Sementara, Kepala Desa Air Duren Desa Pemali, Kabupaten Bangka Syaiful Ahyar menerangkan, salah satu bentuk ketahanan pangan bergizi yang pihaknya lakukan ialah dengan menebar 23 ribu bibit ikan lele di tambak milik desa. “Ikan lele ini sumber protein hewani yang lebih tinggi dari ikan air tawar lainnya. Bisa sampai 14 nilai proteinnya rata-rata seperti daging, 56 gram per hari kebutuhannya.
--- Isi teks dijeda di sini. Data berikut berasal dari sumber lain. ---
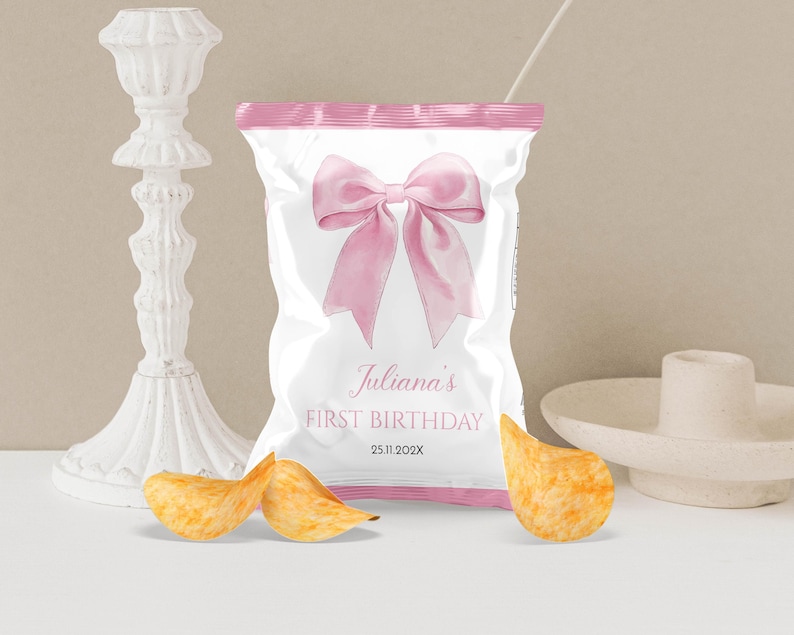 May include: A white snack bag with pink trim featuring a large pink bow graphic. The text reads Juliana's FIRST BIRTHDAY and 25.11.202X. Three golden potato chips are positioned in front of the bag, which is flanked by a white candle holder.
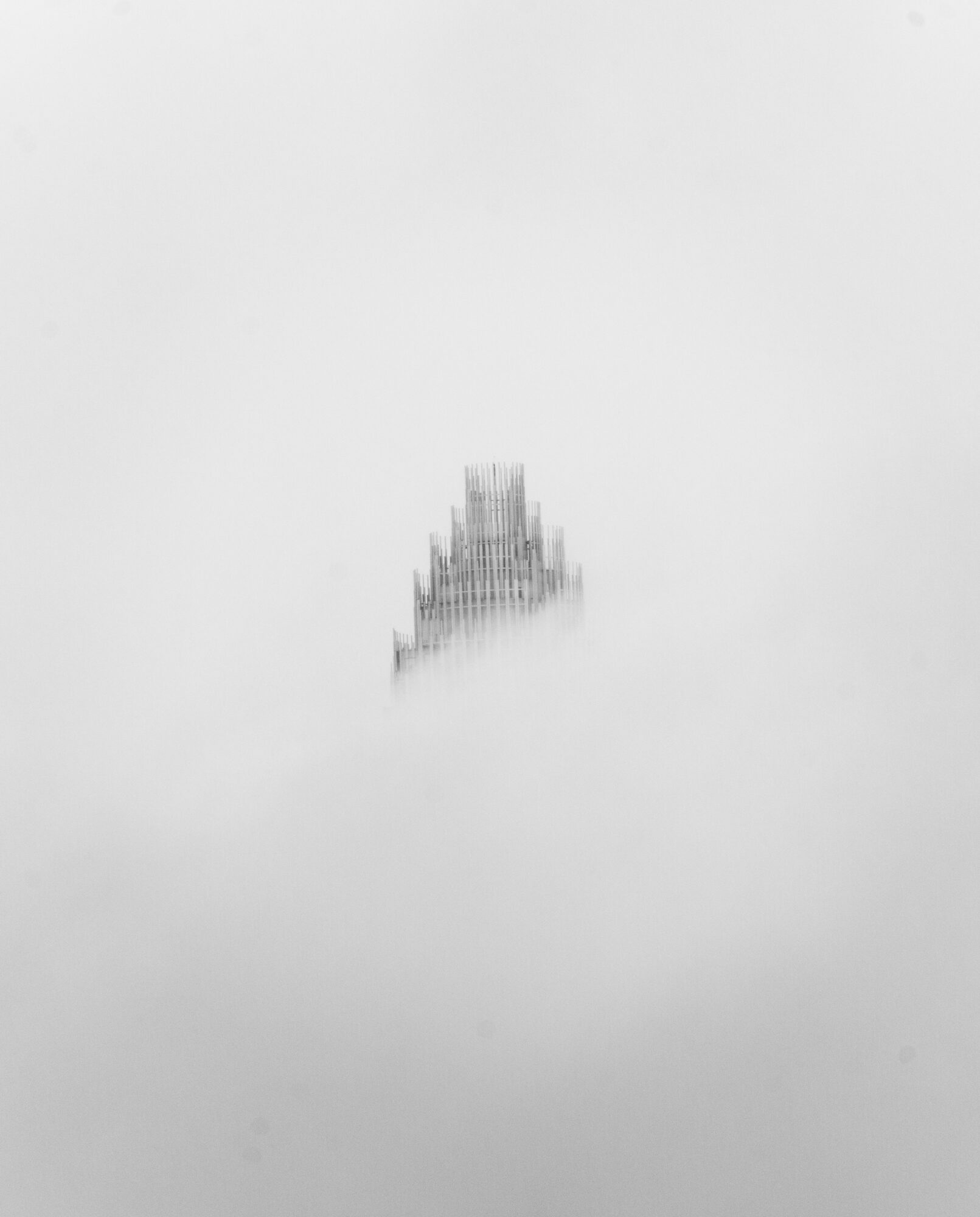 A tall building partially obscured by fog or clouds, with only the top visible.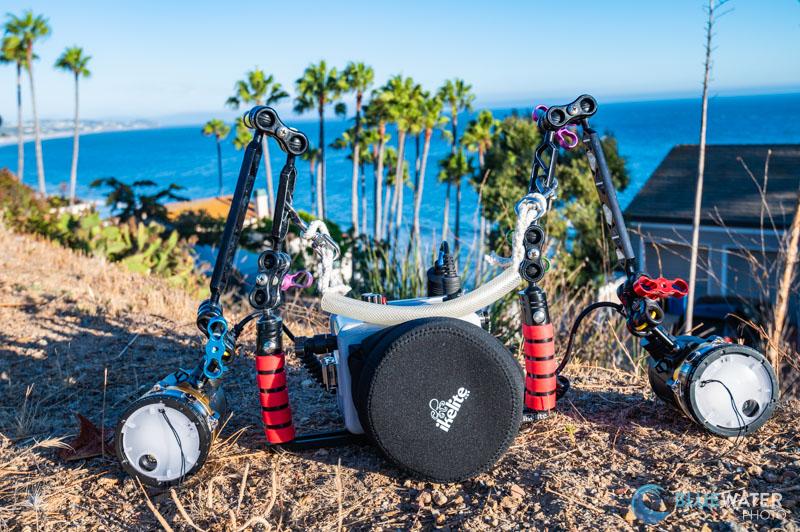 A fully decked-out Canon R100 system in the field - with two YS-D3 duo strobes, an Ikelite R100 housing, and ultralight arms and colored clamps. A fully decked-out Canon R100 system in the field - with two YS-D3 duo strobes, an Ikelite R100 housing, and ultralight arms and colored clamps.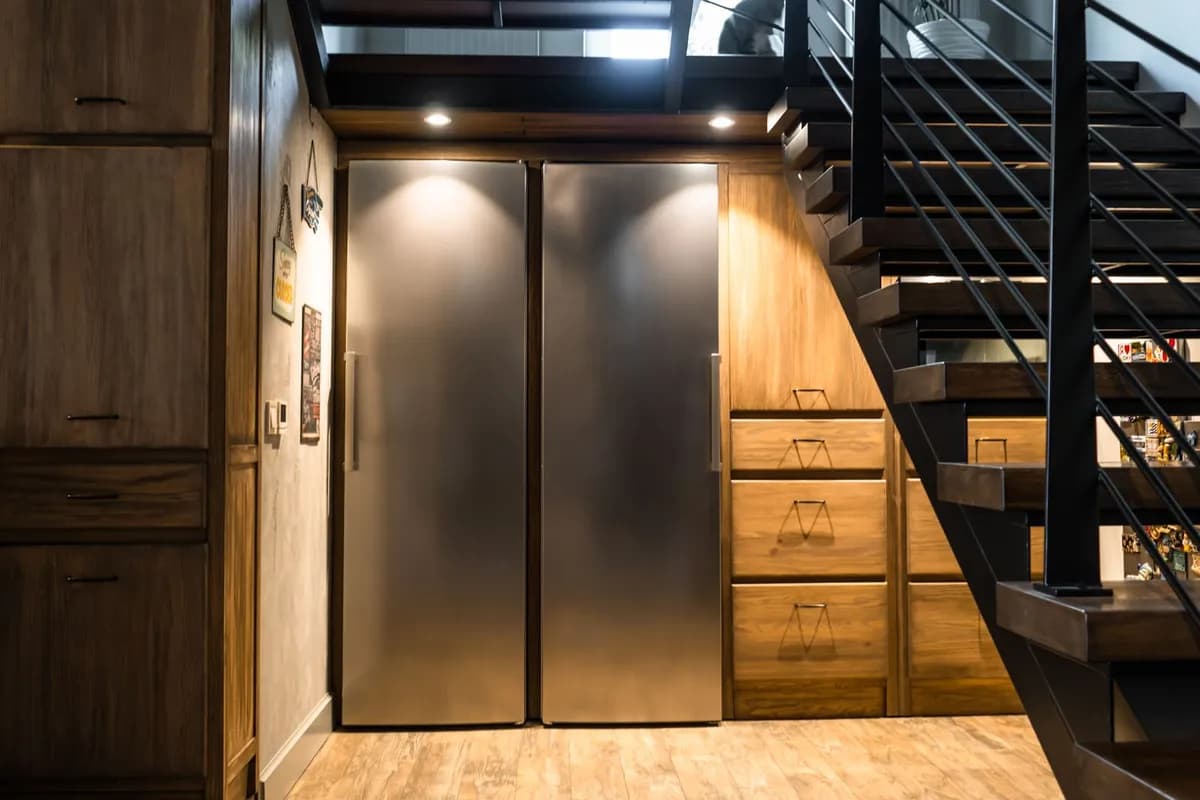Built-in stainless refrigerator and freezer columns in a wood-panelled kitchen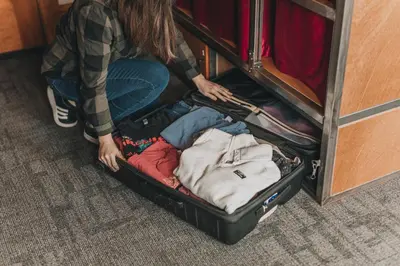 a woman is sitting in an open suitcase at Ember Hostel in Denver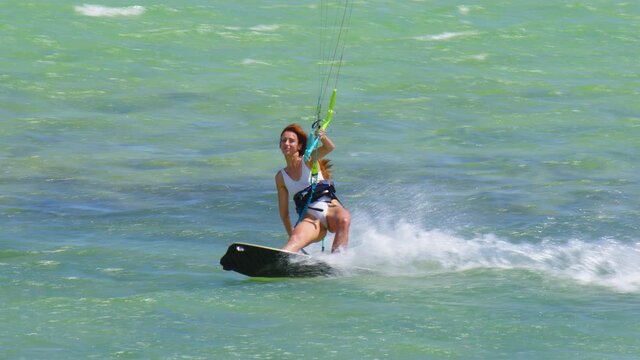 Beautiful girl kitesurfing in white swimsuit. Extreme kiteboarding in slow motion. Summer fun action sports.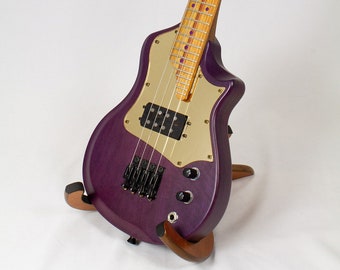 May include: A purple electric guitar with a gold pickguard and a wooden stand. The guitar has a unique shape and a single pickup.
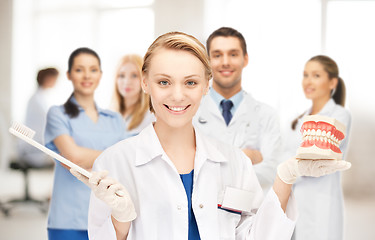 Image showing doctor with toothbrush and jaws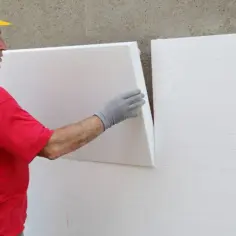 Budowlaniec w żółtym kasku montuje styropian, by obniżyć współczynnik przenikania ciepła.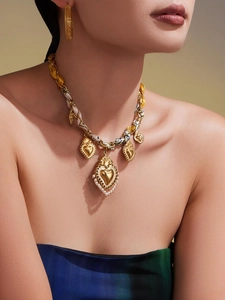 Dettaglio della collana con ciondolo a cuore dorato, nastro di seta e orecchini abbinati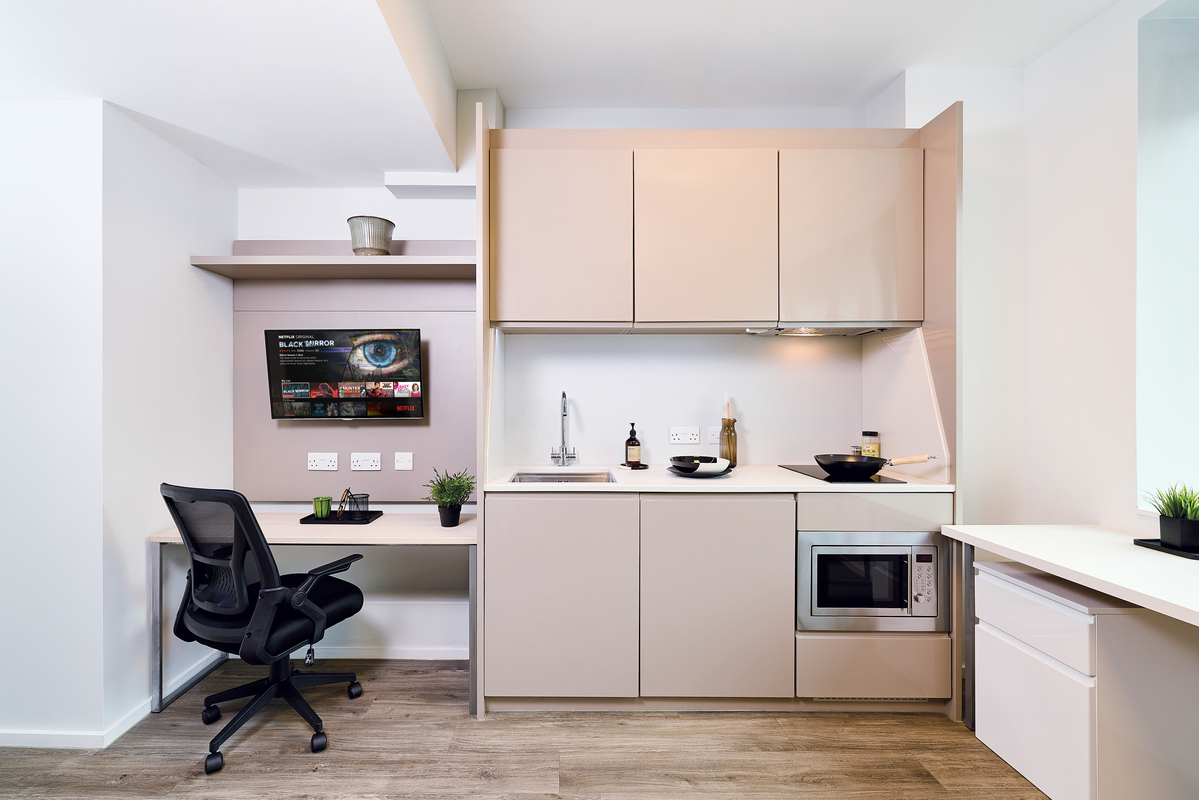 Modern studio apartment with a compact kitchen, built-in microwave, sink, stovetop, and beige cabinets. A work desk with a black chair and wall-mounted TV is on the left. Green plants add a touch of decor.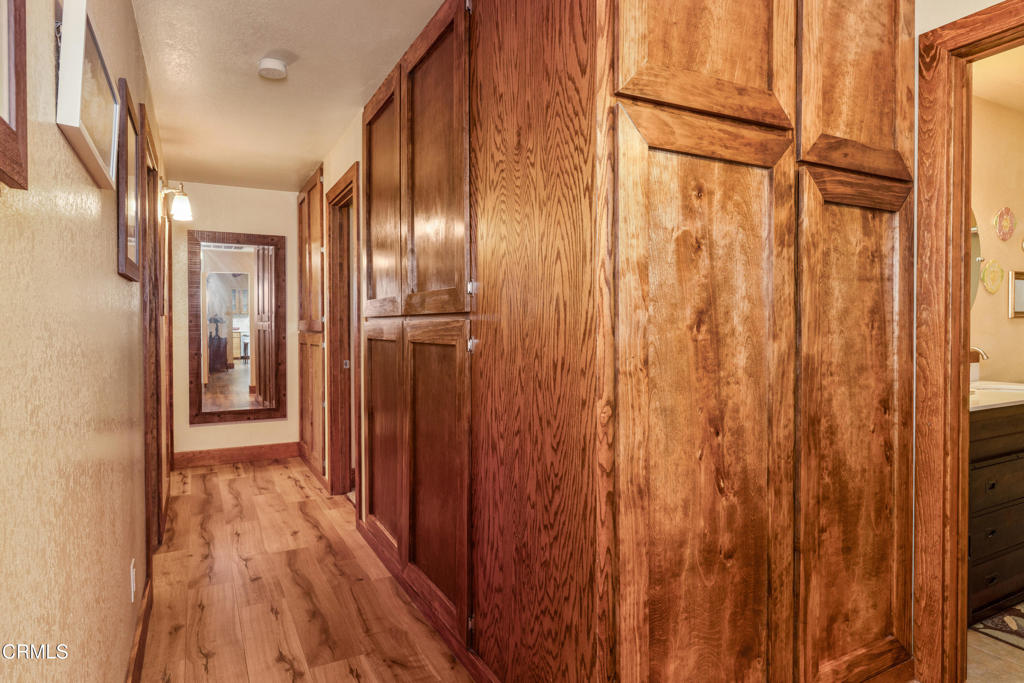 51793 Quail Ridge Road Oakhurst, CA 93644 - Photo 42 of 70 a view of a hallway with wooden floor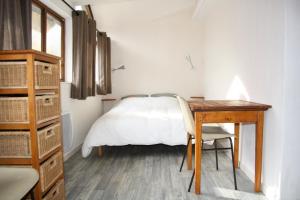 Postel nebo postele na pokoji v ubytování LE GÎTE LES MELEZES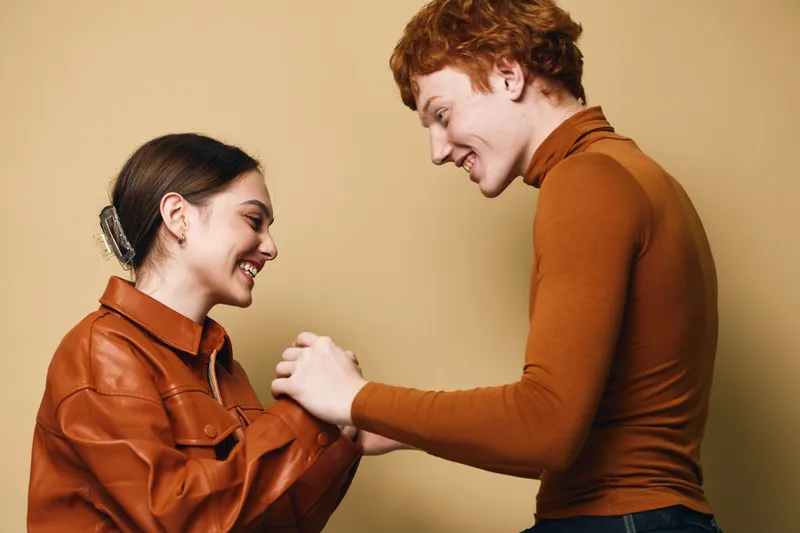 Couple, young man and woman smiling and holding hands in casual clothing indoor with warm background. Positive relationship moment with friendship and connection between two people.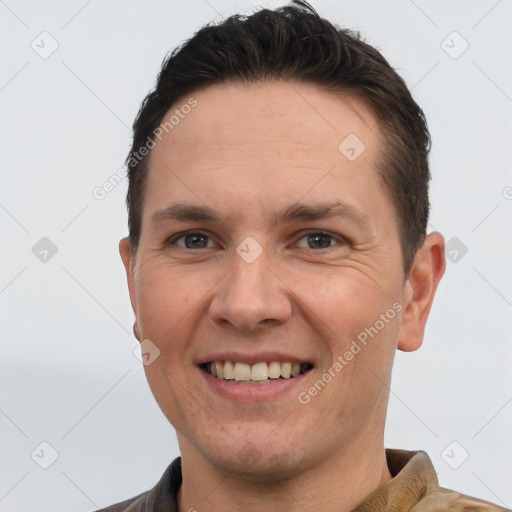 Joyful white adult male with short  brown hair and brown eyes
Dan protein ini bagus sebagai penunjang pertumbuhan bagi anak-anak,” kata Ahyar.
Selain itu, kata pria yang juga merupakan Ketua APDESI Kabupaten Bangka ini, proses panen ikan lele lebih cepat bila dibandingkan dengan ikan lainnya. Saat panen, ikan lele ini jelas dia akan dibagikan kepada masyarakat sebagai makanan tambahan. Ini berkaitan dengan ketahanan pangan dan penanganan stunting di Desa Air Duren. “Ini juga sebagai contoh bagi masyarakat. Jika berhasil, maka tidak menutup kemungkinan nanti setiap rumah bisa membudidayakan lele. Kan mudah. Tidak butuh lokasi yang luas juga. Bisa dengan ember juga atau kolam-kolam sederhana,” jelasnya.
Lebih lanjut ia katakan, program ini juga akan dipadukan dengan penanaman jagung. Kedepan bila terpenuhi sesuai target akan dikelola lewat badan usaha milik desa (BumDes). “Nantinya bila ini berhasil secara penuh dikelola BumDes. Kita juga telah bermitra kepada pihak yang siap menampung hasil panen. Tentunya pemasaran ke luar setelah kebutuhan warga desa cukup,” tutupnya.